Does it matter? At the end of the day those institutions/hedgefunds, more than anything else, want to make money too... more so than Aps (who want to change the system). Do you really think that if Black rock can run AMC up to $1,000 per share, they won't.

We have a perfect storm brewing. While it is clear AMC, GME and several other companies have been shorted to the extreme (and this is an understatement) as indicated by the buy/close button fiasco and the recent federal reserve reporting. At the same time, we have the collapse of China's real estate industry (THE stabilizing anchor in that economy) which WILL catastrophically effect the U.S. economy. Additionally, we have the highest reverse repo rates ever by an extreme magnitude which means banks feel they have nowhere to safely invest their money (or they, for some reason, see the need to hold cash) and, at the same time, we see the Fed beginning to initiate a safe landing by pulling money out of the economy by increasing interest rates and tightening SEC rules with a shit load of new regulations. On top of all of that, Apes who are holding AMC no matter what, have made the hedgies' superweapon-- their artificial intelligent behavioral algorithms-- obsolete right when the economy is teetering on the edge of crashing!

When the smoke clears, IMHO the Apes will be the last men/women standing.


Did you read the Barron's article? Doesn't that sound like a validation of what Apes have been saying about hedgies' over-leveraging? Sooner or later every god damn short position will have to covered which, according to the Federal Reserve, "could risk the [entire] financial system"!!!


https://www.barrons.com/articles/fed-meme-stocks-financial-stability-51636420320

Fed Says Meme Stocks Pose Risks to Financial Stability

Nov. 8, 2021 8:12 pm ET

The Federal Reserve said stock market volatility linked to a surge in new investors who share tips on social media and invest in meme stocks could be a risk to the financial system, according to the central bank’s latest twice-yearly financial stability report.

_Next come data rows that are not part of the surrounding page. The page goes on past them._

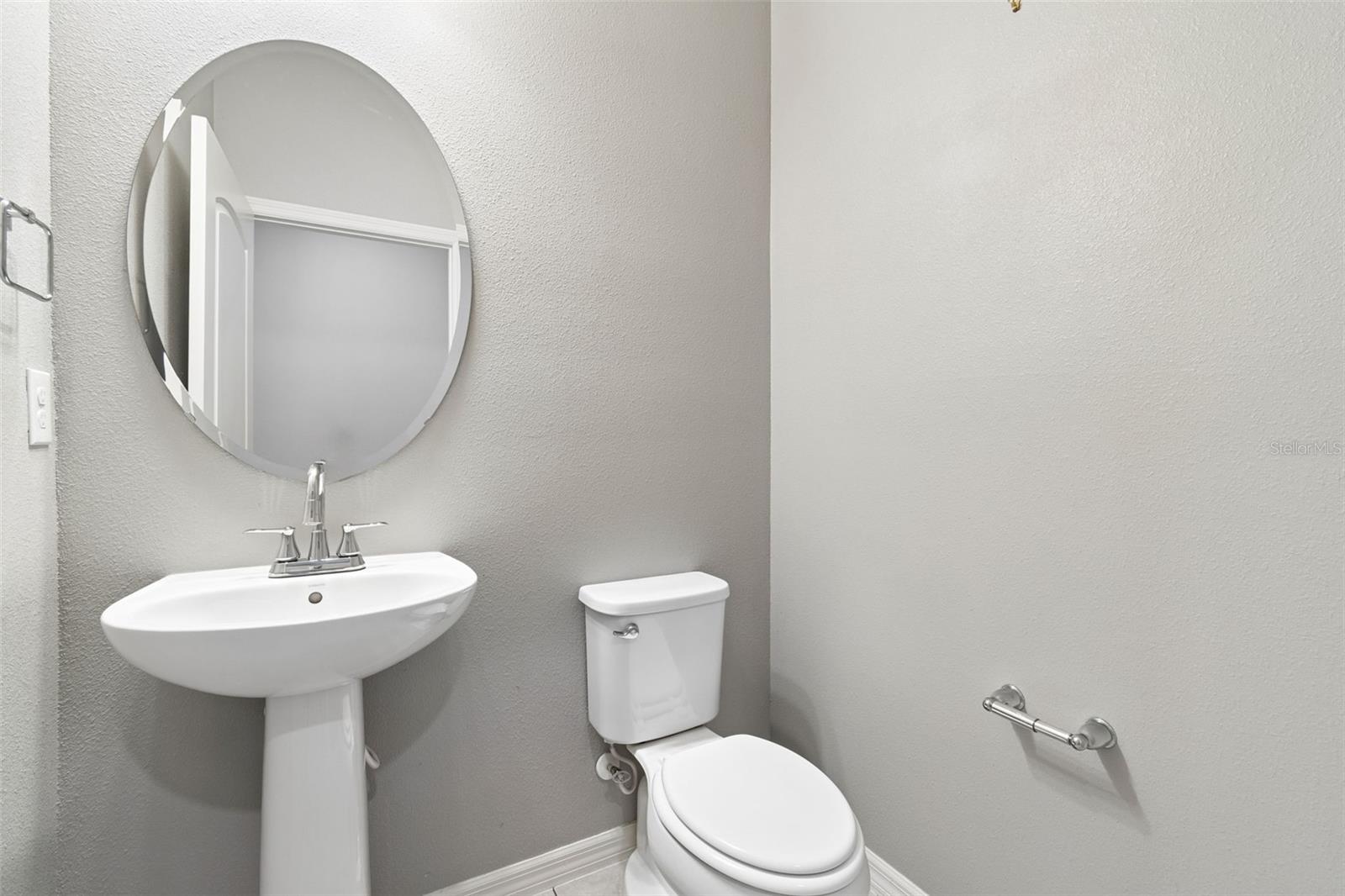 Downstairs Powder Room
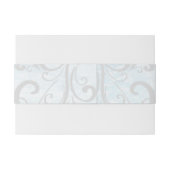 Blue Dolphin Wedding Invite Bly Band (Rückseitenbeispiel)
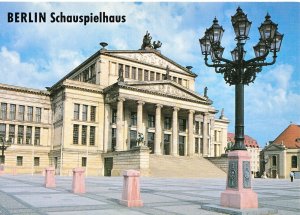 Germany Postcard - Berlin - Schauspielhaus   SM299
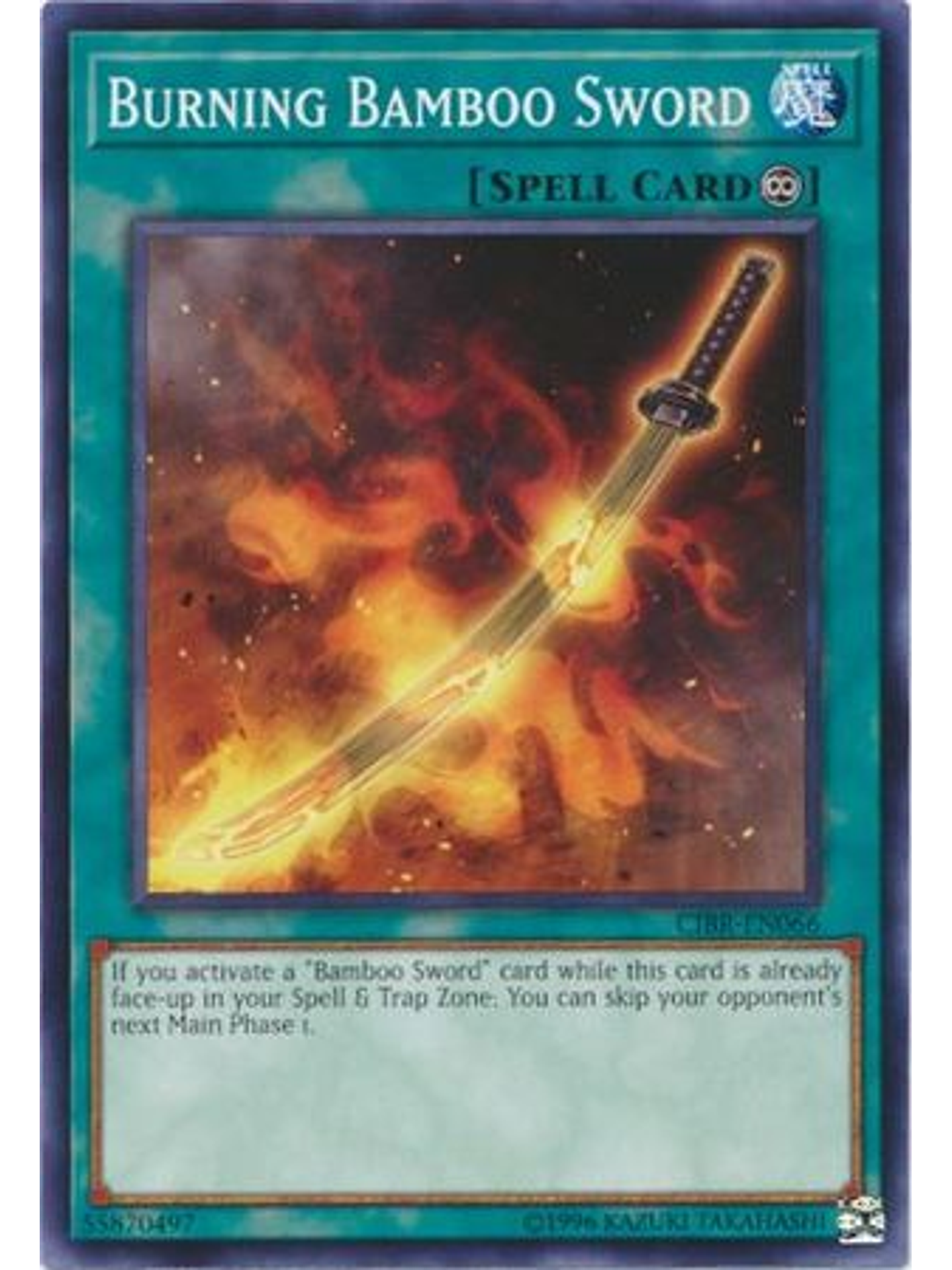 Burning Bamboo Sword - CIBR-EN066 - Common Unlimited 1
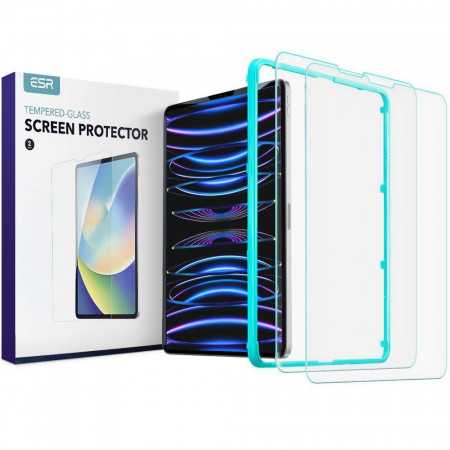 Película Vidro Temperado Esr 2-Pack para Ipad Pro 12.9 2020 / 2021 / 2022 Transparente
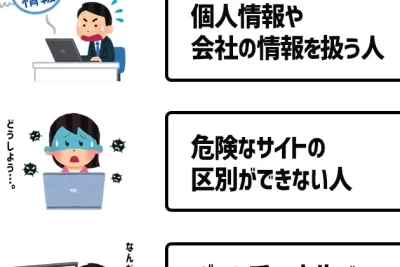 「ウイルスバスターの必要性は？やったほうがいいの？」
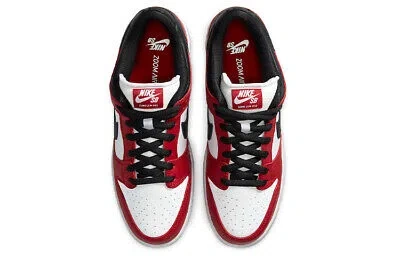 Pre-owned Nike Sb Dunk Low J-pack Chicago - Bq6817-600 In Red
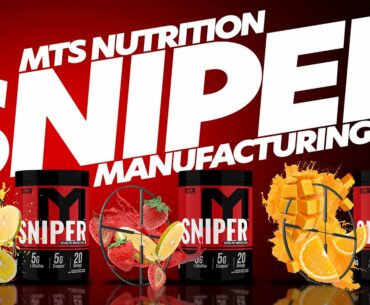 Supplement Manufacturing Exposed Part 7 - MTS NUTRITION SNIPER IS HERE!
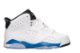 Jordan 6 Retro Sport Blue (384666 107) weiss 3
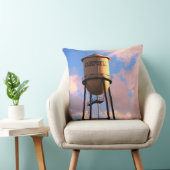 キャンベルCAヒストリカルウォータータワー装飾用クッション クッション (椅子)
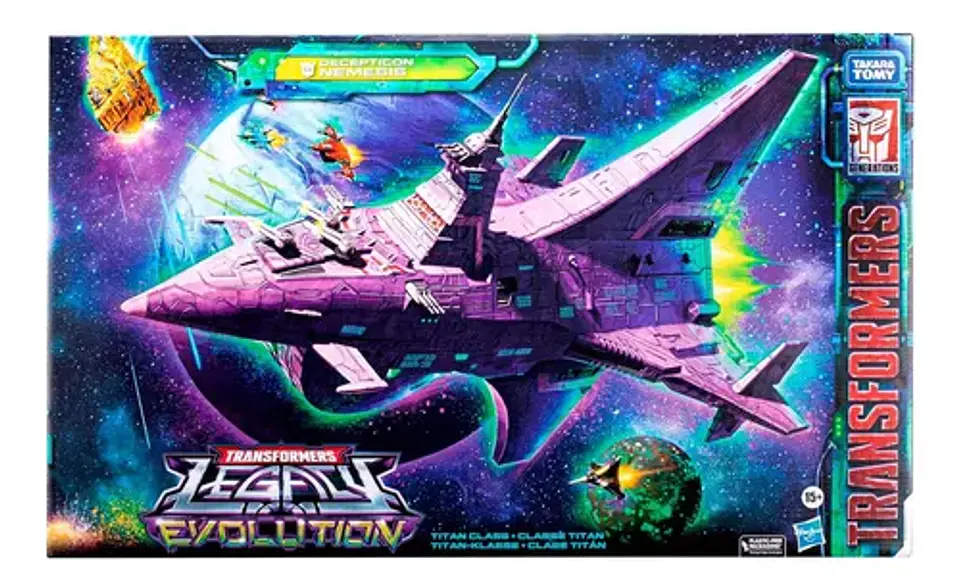 Transformers Legacy Evolution Titan Decepticon Nemesis 1
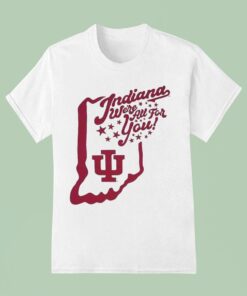 Indiana Hoosiers Football We’re All For You Shirt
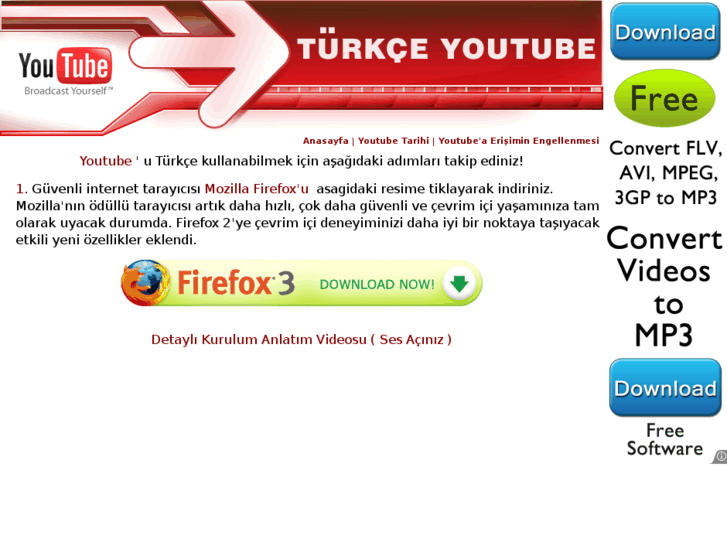 www.turkceyoutube.com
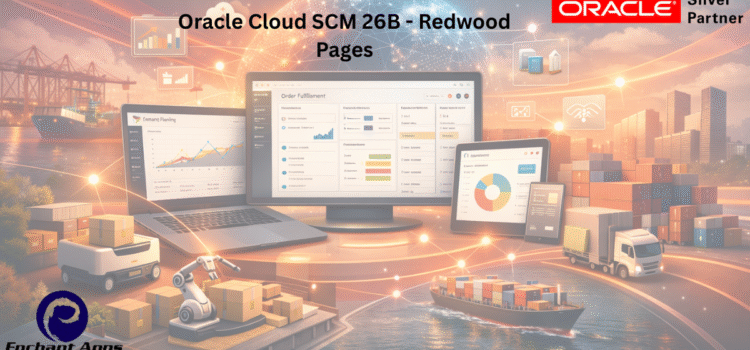 Oracle Cloud SCM 26B – Redwood Pages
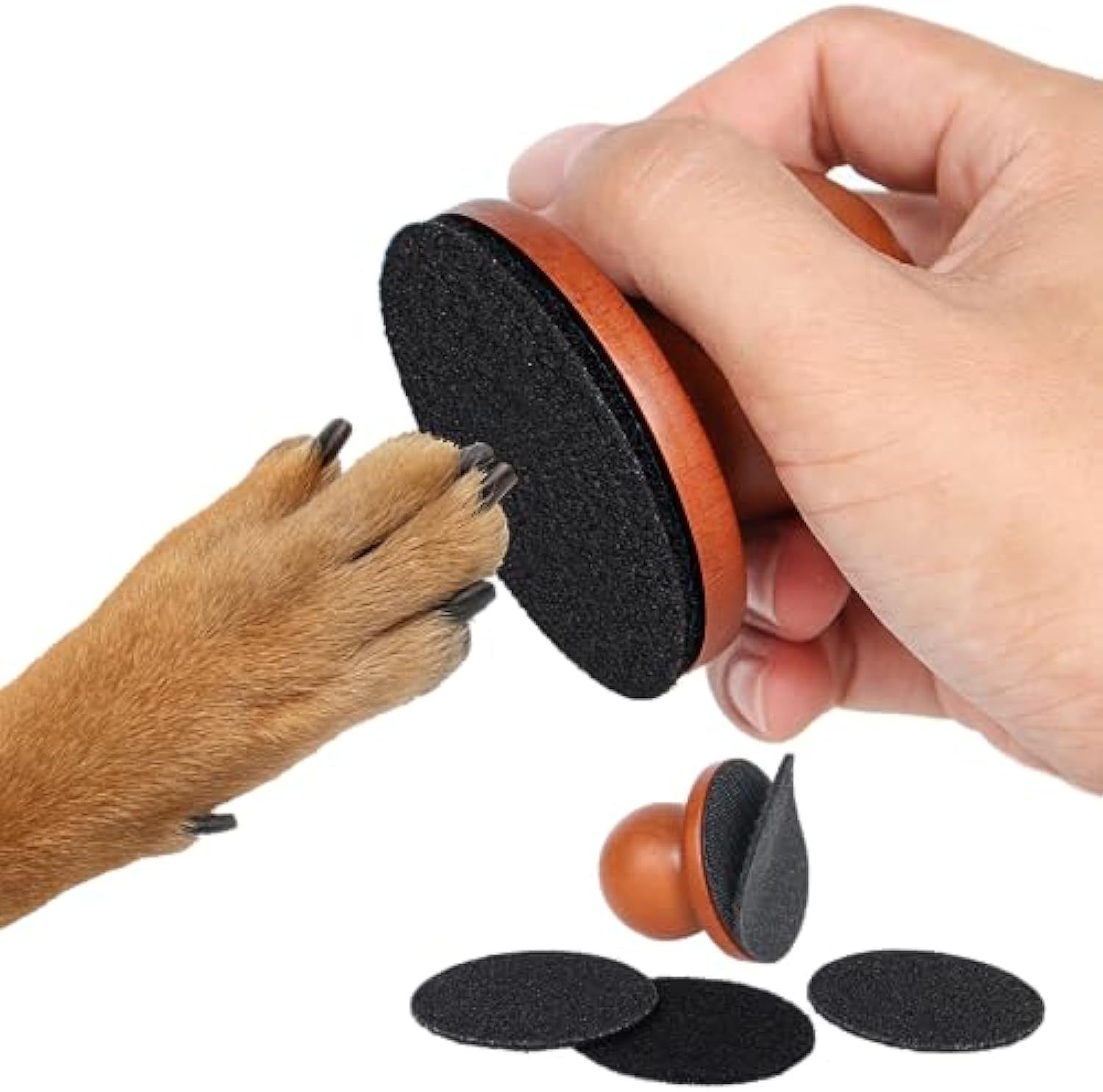 Por<a href='/table/'>table</a> Pet Grinder Nail Trimmer Painless Paws Nail File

The Fed said new commission-free trading platforms that offer partial share ownership and flashy graphics have encouraged a generation of young traders to jump into the stock market, and the size of this new group makes it important for regulators to monitor.

Swings in the prices of popular meme stocks such as GameStop (ticker: GME) and AMC Entertainment (AMC) so far have had a limited effect on financial stability, the report concluded, but new, younger investors tend to have higher debt and often use options, two factors that could exacerbate losses in a downturn.

The Fed said financial institutions should consider the potential for increased volatility that the meme stock phenomenon could endanger and that “more frequent episodes of higher volatility may require further steps to ensure the resilience of the system.”

Other vulnerabilities include valuations for stocks and real estate, which are elevated relative to corporate earnings and rents. The Fed noted there is little evidence of deteriorating credit standards or highly leveraged investment activity in the housing market.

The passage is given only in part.